Acknowledgements: This work is funded by the Biotechnology and Biological Sciences Research Council (United Kingdom Research and Innovation)
Talk 7, 9:45 am
Semantic and Visual Features Drive the Intrinsic Memorability of Co-Speech Gestures
Co-speech gestures that teachers spontaneously produce during explanations have been shown to benefit students’ learning. Further, prior work suggests that information conveyed through teachers’ gestures is less likely to deteriorate than through speech (Church et al., 2007). However, how intrinsic features of gestures affect students’ memory remains unclear. The memorability effect denotes a phenomenon where adults with different backgrounds consistently remember and forget particular visual stimuli (static images, dance moves, etc.), owing to the stimuli's intrinsic semantic and visual features. In this study, we investigate whether certain gestures are consistently remembered and, if so, which semantic and visual features are associated with these remembered gestures.
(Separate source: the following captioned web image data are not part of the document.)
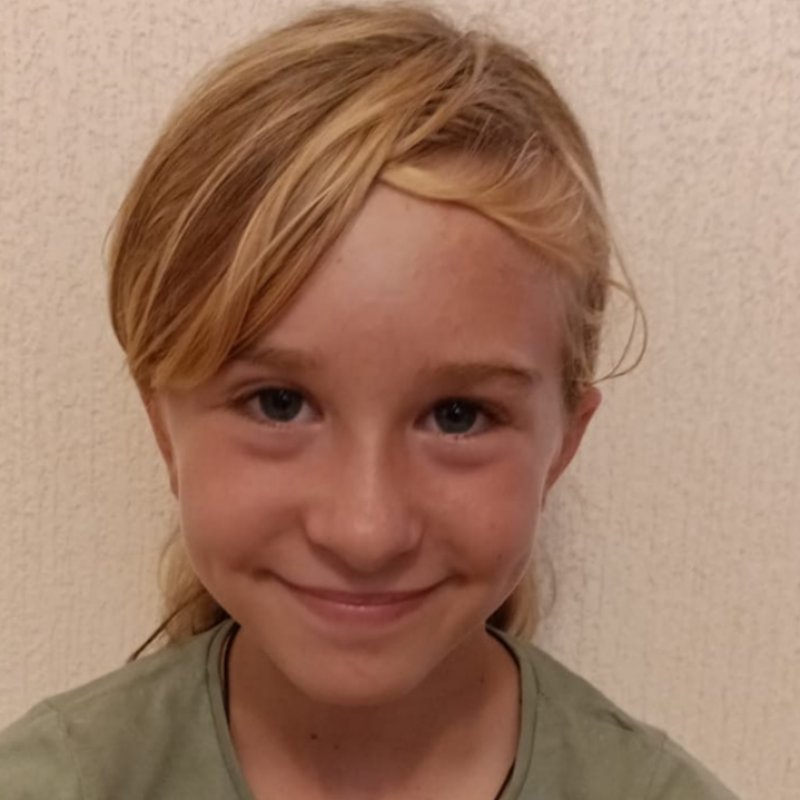 LOLA MARQUEZ MORALES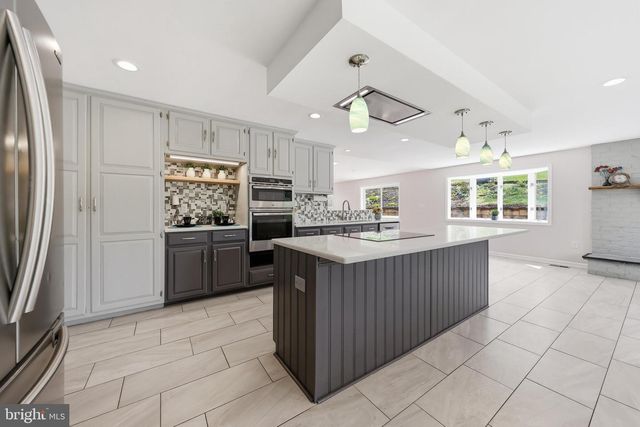 6113 ELAINE DR, Jefferson, MD 21755
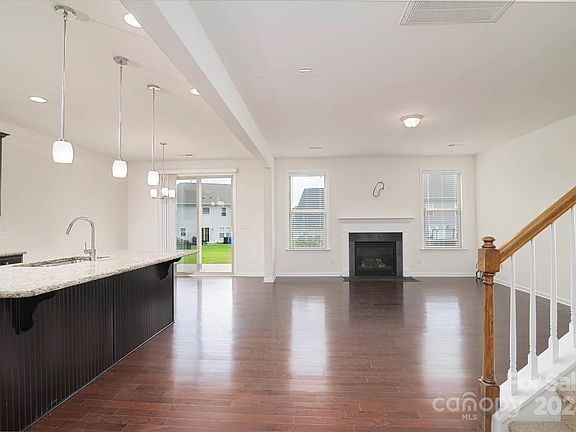 3rd image of 117 Torridge Ave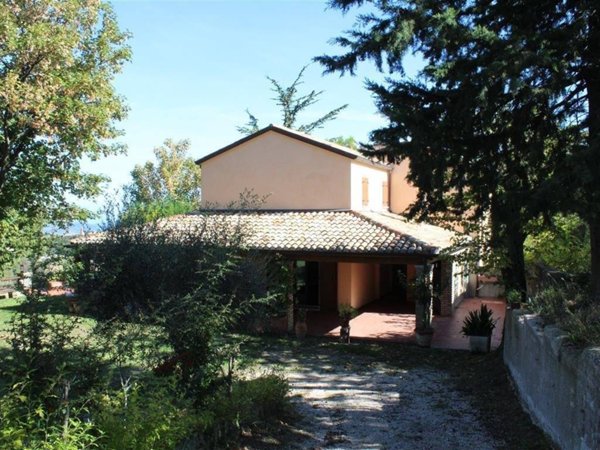 casa indipendente in vendita a Pesaro in zona Monteciccardo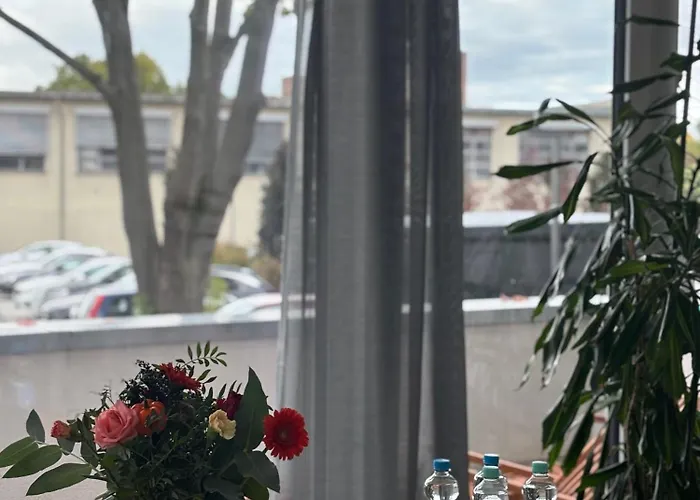 Neu In Stilvolles Mit Balkon, Kueche & Parkplatz Drezno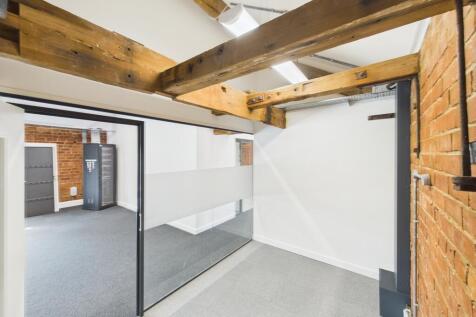 Office to rent Image 12
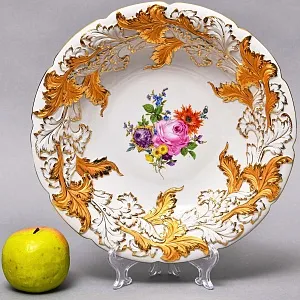 Коллекционное Фарфоровое Блюдо «Букет с розой», MEISSEN Германия, первая половина ХХ века. 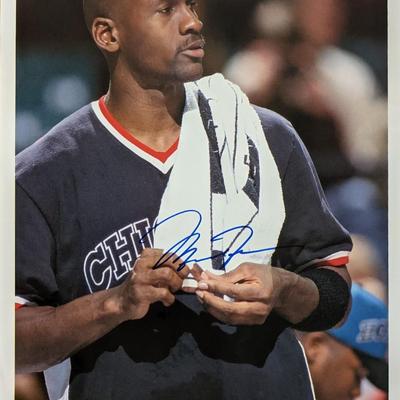 Michael Jordan Chicago Bulls 1998 autographed calendar page. GFA Authenticated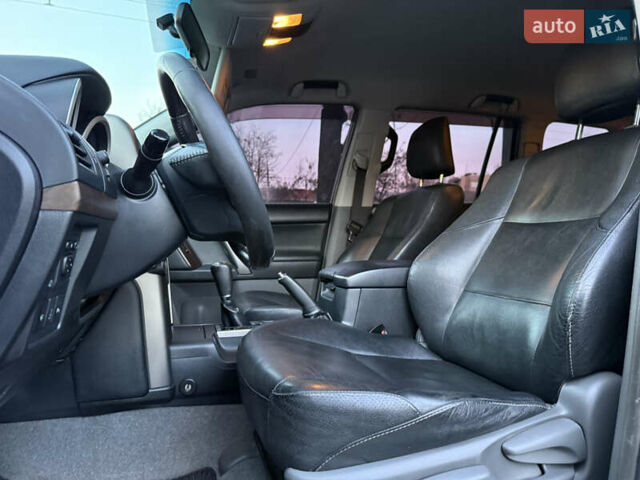 Серый Тойота Ленд Крузер Прадо, объемом двигателя 3 л и пробегом 259 тыс. км за 23500 $, фото 15 на Automoto.ua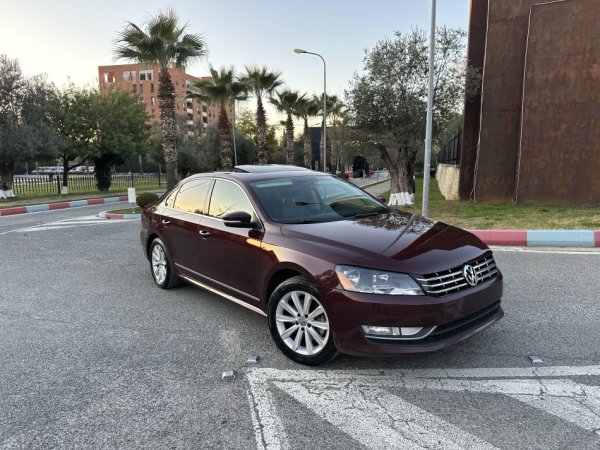 Tirane, shes makine Volkswagen PASSAT PREMIUM LINE 2.0 DIESEL Nafte, vishnje automatik Klima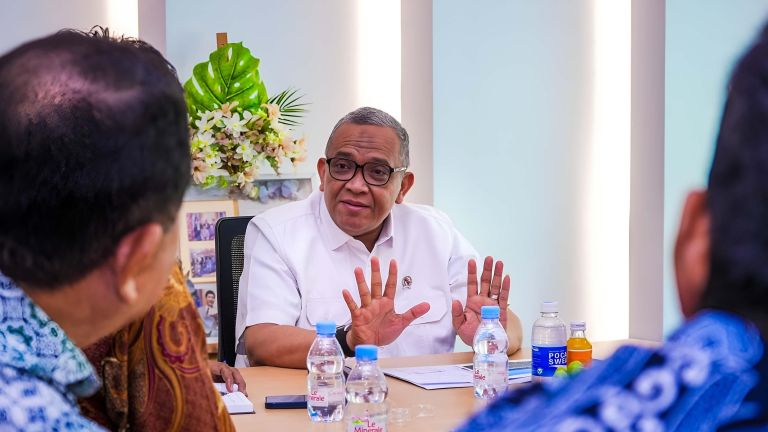 Wamenaker: Kehadiran Industri Harus Membuka Kesempatan Kerja bagi Warga Sekitar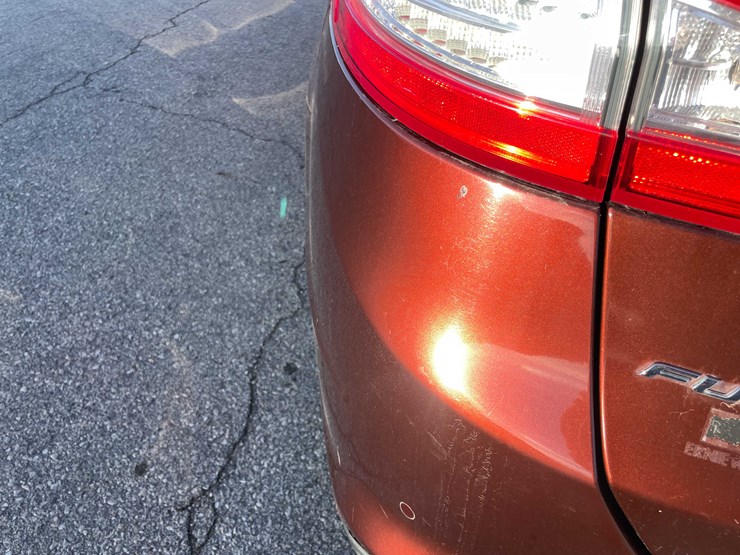 #1388-•-2015-ford-fusion-(has-wi-title)-(of)-image-36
We first created 360 10-second audiovisual stimuli by video recording 20 actors producing unscripted natural speech and gestures as they explained Piagetian conservation problems. Two trained experimenters extracted high-level semantics and low-level visual/acoustic features in speech and gesture for each audiovisual stimulus. We then tested online participants’ memories in three different conditions using a between-subjects study-test paradigm: the audiovisual stimuli (gesture+speech condition), the visual-only version of the same stimuli (gesture condition), and the audio-only version of the stimuli (speech condition). Within each of the two experimental blocks, participants encoded nine random stimuli from an actor and made old/new judgments on all 18 stimuli from the same actor immediately after. We discovered that participants show significant consistencies in their memory for the gesture, gesture+speech, and speech stimuli. Focusing on the visual-only (gesture) condition, we found that (1) more meaningful gestures and speech predicted more memorable gestures; (2) using both hands led to more memorable gestures than using one hand. Our results suggest that both semantic (conveyed through speech and gestures) and visual (conveyed through gesture) features make co-speech gestures memorable.